John’s sudden death last week leaves many Mahurangi projects unrealised but most further advanced than would have been the case without his wise advice, and occasional financial support. One project yet to get traction is a video conference version of the Mahurangi Club talks. The premise is that, by using an internet video link, speakers from farther afield could address a local gathering without adding to the already ruinous levels of greenhouse gases. For example, John was excited about the prospects of having fourth-generation nuclear power advocate Professor Barry Brook address the Mahurangi Club, from Melbourne.

On a more prosaic level, John had several times urged that the Mahurangi Magazine should lead a campaign to have the 100-kilometre-per-hour Mahurangi West Road speed limit reduced, as far as he was concerned, to 60. Last Thursday, with no hint that the magazine would lose its superlative publisher that day, the editor began the long-deferred chore of reading the road speed limit legalisation.
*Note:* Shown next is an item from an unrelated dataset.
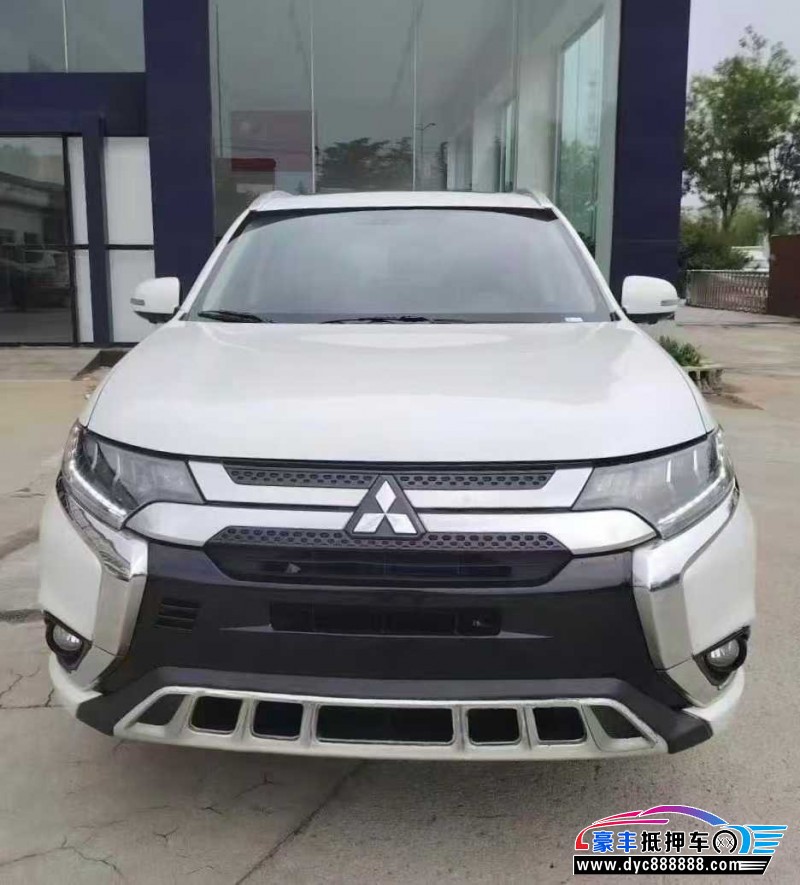 21年三菱欧蓝德轿车抵押车出售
The resultant article, Scenic Ridge Road and Some Unintended Consequences, is dedicated to John. The first stage, after seeking as much free advice as possible, is to gather all available traffic count data and then to write up a request to Auckland Transport. Meanwhile, a register of people supportive of a reduced speed limit will be started, which sadly will now not headed up by John Timmins.

As publisher, John Timmins was always encouraging but never demanding. He was never critical of the content or infrequency of articles, and embarrassingly complimentary of the quality of the writing.

Editing the Mahurangi Magazine without John Timmins as publisher will forever be a lonelier pursuit.